(Web page caption snippets)
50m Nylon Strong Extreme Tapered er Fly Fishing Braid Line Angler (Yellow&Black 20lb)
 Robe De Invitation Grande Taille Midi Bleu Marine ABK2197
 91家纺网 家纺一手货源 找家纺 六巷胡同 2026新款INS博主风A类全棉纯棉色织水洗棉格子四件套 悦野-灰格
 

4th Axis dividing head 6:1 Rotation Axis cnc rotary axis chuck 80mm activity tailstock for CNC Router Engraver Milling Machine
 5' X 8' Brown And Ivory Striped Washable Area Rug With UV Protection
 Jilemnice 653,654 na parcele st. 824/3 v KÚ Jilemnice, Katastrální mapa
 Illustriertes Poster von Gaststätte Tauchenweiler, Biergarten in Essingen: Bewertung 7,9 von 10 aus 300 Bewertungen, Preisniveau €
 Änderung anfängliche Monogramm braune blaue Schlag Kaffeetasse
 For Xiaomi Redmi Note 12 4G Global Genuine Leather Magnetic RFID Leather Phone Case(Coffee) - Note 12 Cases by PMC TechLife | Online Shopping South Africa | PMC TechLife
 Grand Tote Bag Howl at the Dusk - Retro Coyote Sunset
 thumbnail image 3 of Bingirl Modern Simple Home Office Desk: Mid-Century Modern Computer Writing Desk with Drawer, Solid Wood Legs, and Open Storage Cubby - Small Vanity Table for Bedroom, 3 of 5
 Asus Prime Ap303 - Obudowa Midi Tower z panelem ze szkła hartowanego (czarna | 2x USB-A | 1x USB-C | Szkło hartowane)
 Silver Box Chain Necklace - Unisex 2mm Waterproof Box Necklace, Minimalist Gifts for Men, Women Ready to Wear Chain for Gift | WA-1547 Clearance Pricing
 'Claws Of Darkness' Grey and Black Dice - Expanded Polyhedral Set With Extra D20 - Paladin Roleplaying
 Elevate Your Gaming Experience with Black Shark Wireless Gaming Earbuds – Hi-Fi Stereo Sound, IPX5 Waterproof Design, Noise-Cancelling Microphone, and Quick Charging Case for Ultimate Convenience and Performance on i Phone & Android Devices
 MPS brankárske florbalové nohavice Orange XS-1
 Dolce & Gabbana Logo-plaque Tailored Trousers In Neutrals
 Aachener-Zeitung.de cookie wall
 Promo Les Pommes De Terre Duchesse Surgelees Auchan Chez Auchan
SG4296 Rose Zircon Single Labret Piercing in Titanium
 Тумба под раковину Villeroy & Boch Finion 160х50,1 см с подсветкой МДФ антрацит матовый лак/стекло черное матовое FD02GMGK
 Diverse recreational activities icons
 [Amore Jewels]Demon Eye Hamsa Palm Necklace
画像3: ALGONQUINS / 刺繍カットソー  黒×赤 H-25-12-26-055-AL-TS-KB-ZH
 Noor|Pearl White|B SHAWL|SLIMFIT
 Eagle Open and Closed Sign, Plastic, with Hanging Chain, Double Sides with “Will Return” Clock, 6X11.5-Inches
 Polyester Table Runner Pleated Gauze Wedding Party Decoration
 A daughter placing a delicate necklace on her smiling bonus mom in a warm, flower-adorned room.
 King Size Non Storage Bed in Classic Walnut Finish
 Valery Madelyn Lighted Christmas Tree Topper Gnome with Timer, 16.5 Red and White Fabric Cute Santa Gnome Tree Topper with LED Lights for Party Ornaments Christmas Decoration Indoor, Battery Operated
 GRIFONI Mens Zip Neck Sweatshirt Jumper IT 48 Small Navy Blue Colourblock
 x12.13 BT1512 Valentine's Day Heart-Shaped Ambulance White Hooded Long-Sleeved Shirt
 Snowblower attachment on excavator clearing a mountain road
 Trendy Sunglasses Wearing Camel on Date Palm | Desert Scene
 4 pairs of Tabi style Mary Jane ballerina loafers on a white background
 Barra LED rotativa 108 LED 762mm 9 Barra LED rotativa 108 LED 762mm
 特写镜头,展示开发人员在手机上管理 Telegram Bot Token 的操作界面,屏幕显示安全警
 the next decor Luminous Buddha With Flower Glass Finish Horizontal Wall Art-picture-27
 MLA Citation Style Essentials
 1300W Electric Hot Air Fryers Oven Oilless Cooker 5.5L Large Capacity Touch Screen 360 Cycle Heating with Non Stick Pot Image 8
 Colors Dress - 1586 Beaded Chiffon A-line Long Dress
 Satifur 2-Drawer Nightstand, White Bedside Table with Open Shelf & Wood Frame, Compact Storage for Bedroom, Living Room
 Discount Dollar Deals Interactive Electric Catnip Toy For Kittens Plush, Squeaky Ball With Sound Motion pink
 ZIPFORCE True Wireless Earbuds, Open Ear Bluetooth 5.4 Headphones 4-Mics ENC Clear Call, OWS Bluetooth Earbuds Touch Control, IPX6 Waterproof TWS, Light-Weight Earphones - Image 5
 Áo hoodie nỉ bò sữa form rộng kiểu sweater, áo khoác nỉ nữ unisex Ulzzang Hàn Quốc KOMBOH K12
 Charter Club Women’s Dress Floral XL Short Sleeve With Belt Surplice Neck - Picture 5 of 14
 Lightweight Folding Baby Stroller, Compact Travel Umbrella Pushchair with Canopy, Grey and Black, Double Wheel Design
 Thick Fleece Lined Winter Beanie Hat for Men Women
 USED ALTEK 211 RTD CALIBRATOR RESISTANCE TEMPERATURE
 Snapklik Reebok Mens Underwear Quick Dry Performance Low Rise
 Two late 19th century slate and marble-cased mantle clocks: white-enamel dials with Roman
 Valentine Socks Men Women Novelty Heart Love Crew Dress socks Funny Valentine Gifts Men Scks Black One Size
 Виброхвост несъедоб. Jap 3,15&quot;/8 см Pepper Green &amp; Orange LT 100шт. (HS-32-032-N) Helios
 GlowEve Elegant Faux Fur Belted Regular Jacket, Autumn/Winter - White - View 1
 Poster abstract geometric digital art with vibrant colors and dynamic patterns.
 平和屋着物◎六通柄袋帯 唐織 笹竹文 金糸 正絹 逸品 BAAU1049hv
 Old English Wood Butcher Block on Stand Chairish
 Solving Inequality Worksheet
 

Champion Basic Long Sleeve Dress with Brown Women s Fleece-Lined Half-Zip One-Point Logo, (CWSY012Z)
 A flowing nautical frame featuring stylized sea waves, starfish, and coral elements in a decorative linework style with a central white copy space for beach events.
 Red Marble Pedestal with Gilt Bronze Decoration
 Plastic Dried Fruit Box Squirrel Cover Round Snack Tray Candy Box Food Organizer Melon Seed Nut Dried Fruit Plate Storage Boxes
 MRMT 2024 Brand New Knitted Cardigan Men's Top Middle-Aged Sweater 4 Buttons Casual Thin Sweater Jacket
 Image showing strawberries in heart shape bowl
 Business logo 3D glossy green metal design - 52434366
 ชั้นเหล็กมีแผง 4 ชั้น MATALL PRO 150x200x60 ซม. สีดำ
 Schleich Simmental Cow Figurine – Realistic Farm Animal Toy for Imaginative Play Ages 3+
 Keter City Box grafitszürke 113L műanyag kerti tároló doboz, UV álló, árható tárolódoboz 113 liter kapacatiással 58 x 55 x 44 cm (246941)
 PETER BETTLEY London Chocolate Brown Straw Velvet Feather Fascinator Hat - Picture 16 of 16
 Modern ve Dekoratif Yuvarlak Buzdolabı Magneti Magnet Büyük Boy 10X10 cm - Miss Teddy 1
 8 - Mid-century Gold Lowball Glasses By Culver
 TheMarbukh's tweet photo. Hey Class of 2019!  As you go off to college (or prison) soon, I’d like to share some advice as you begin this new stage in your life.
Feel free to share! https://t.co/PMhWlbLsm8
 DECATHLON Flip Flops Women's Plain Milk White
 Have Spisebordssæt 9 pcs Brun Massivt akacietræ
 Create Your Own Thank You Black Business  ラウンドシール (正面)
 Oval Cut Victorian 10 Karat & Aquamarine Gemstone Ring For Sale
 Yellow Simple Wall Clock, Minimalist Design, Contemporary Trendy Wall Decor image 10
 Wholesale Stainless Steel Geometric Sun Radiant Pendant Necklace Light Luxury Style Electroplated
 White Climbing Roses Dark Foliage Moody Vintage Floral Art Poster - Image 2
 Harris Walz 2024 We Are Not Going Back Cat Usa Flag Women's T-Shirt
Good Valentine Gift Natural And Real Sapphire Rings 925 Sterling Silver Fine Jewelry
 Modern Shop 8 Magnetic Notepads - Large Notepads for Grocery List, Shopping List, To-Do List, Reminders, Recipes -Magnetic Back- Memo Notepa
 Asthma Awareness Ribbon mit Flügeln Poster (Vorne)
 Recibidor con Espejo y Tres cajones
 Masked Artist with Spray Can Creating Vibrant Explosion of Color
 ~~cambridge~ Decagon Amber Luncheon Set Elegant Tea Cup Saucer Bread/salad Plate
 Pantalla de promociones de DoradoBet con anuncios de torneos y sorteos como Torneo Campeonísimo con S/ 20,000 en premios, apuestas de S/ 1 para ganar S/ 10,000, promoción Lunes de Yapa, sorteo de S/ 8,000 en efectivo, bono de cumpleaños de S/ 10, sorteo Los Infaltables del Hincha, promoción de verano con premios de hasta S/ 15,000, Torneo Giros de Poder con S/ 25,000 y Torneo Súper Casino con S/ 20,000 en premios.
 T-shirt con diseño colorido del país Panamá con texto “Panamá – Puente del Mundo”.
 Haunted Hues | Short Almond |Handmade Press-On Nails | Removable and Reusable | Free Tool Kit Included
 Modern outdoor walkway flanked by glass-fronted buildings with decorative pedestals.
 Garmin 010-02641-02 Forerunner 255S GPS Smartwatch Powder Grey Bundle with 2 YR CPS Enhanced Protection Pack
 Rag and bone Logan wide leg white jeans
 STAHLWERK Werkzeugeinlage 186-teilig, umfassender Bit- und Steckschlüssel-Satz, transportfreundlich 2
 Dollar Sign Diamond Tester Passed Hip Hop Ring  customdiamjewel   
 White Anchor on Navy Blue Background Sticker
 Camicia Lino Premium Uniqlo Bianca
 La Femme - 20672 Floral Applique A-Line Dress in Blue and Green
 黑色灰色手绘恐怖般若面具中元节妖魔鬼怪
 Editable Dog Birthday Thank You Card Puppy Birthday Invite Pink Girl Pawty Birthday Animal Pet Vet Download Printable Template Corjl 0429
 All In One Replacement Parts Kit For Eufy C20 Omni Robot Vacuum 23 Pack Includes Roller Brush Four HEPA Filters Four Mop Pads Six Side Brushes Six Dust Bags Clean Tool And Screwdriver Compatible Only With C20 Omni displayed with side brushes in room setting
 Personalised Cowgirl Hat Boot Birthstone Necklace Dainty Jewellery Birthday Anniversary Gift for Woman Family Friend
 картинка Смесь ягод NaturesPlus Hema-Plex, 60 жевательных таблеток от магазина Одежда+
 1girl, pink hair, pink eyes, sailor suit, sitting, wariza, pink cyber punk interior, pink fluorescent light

**WHAT IS REQUIRED**
If a line in the entries above contains "Bedroom", it counts toward the total; give only that total.

**EXERCISE OUTPUT**
2